Nun, zumindest auf die USA passt diese Beschreibung, aber in Deutschland wird diese Entwicklung auch noch kommen (wann eigentlich endlich so richtig?).
Und doch steht bislang jede Website eines Verlags wie ein Solist im Internet herum. Verlinkt wurde bestenfalls auf Quellen, kaum aber auf Artikel konkurrierender Angebote.
Der Erfolg von Yahoo! News und Google News gründet sich daher in hohem Maße darauf, dass sie eine Portal- bzw. Übersichtsfunktion bieten und quellenunabhängig Artikel zusammenstellen. So entwickelte sich z.B. Yahoo! Local News zur zweitgrößten Nachrichtenquelle für lokale Nachrichten hinter der Summe aller lokalen Zeitungswebsites.
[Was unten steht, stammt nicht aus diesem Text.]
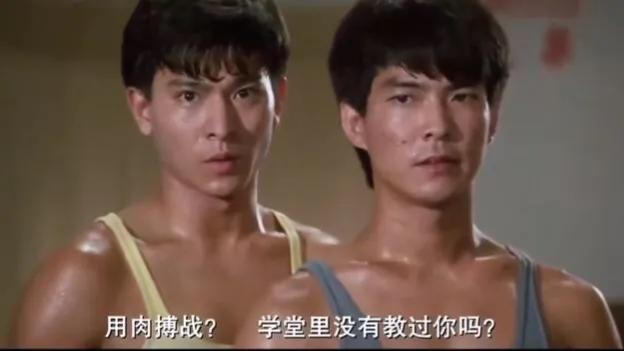 刘德华的动作片与武打表演_刘德华演的武打电影_刘德华武打电影片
Insbesondere amerikanische Verlage scheinen jetzt zu erkennen, dass sie folglich nicht (mehr) die Rolle einer zentralen Anlaufstelle für Nachrichten innehaben. Stattdessen werden sie zu immer stärker austauschbaren Destinationen, auf denen die User nur mittels Deep-Links erreichte einzelne Artikel lesen.
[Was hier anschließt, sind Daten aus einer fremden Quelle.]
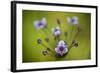 Flowering Rush (Butomus Umbellatus) Flowers, Hortobagy National Park, Hungary, July 2009-Radisics-Framed Photographic Print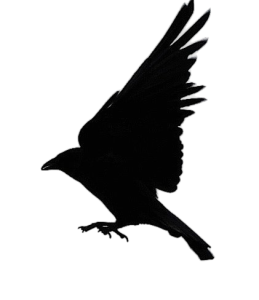 Crow Clipart Transparent PNG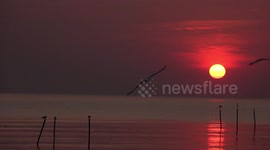 Seagulls fly past a big orange sunset.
Aber eine Reihe von Ankündigungen der letzten Monate zeigt, dass die Verlage umdenken.
- Die Washington Post, Newsweek und andere Nachrichten-Sites nutzen in Zukunft die Dienste von Inform. Hierdurch sollen zu Artikeln auf diesen Sites passende Artikel anderer Nachrichtensites und Blogs angezeigt werden. Inform erledigt dieses durch ein automatisches „Ernten“ der Artikel im Netz nebst nachträglicher Filterung und Sortierung.
- Während dieses Vorgehen mittels des Inform-Services einen Konfrontationskurs gegenüber den Nachrichten-Aggregatoren darstellt, setzen andere Verlage auf Kooperation. Im Juli wurden Kooperationsgespräche diverser Zeitungsverlage mit Yahoo! bekannt, die darauf abzielen, das Verhältnis zwischen Yahoo! News und den Verlags-Sites neu zu definieren. Die Verlage bekommen bessere Möglichkeiten zur Darstellung der eigenen Inhalte auf Yahoo! News und werden an den Werbeeinnahmen beteiligt und kooperieren im Gegenzug zu Yahoo!s Gunsten im Stellenmarkt mit HotJobs, der Stellenbörse von Yahoo!.
- Technorati und AP gaben eine Partnerschaft bekannt, die Nutzer von Websites mit AP-Inhalten zu relevanten Blogs führen sollen. Technorati ermittelt dazu, welche Blogs auf die jeweiligen AP-Artikel verlinken und listet diese neben den Artikeln auf. Zudem werden die „most blogged about articles“ angezeigt.
- Einen ähnlichen Weg geht testweise Time.com, die eine Partnerschaft mit Sphere eingegangen sind. Neben den Time-Artikeln wird ein Sphere-Button angezeigt. Auf Knopfdruck sucht Sphere relevante Artikel zum gleichen Thema.
(Mehr zu den Einsatzmöglichkeiten von Technorati und Sphere hier)
Von einem großen Trend kann man sicherlich hier noch nicht sprechen. Aber angesichts der lange genug diskutierten Problematik des Zusammenspiels bzw. des Wettbewerbs der so genannten Main Stream Media mit Aggregatoren wie Yahoo! News und Blogs und der sich daraus ergebenden Probleme (v.a. Reichweitenschwund in Richtung der Blogs und Aggregatoren) scheinen die Verlage jetzt bereit, ihre Rolle online grundlegend zu überdenken.
Einerseits versucht man sich, die Rolle als erste Anlaufstelle für Nachrichten zu erobern, andererseits arrangiert man sich mit der faktischen Stärke von Yahoo! News.
Die von mir geteilte Sichtweise einer Weiterentwicklung der Online-Nachrichten-Welt hin zu einem Netzwerk von Sites statt einer Ansammlung einzelner Solisten wird hierdurch vorangetrieben.
Und dennoch sind die oben dargestellten Aktivitäten unzureichend.
Da die Auflistung sonstiger Artikel und Blogeinträge automatisch erfolgt, kommen die Redaktionen nicht ihrer Rolle als selektierende, gewichtende und strukturierende Institution nach. Wenn die Artikel zumindest semi-manuell ausgewählt würden bestünde die Chance, dem Leser noch bedeutend größeren Mehrwert zu liefern als durch das bloße automatische Auflisten möglich ist.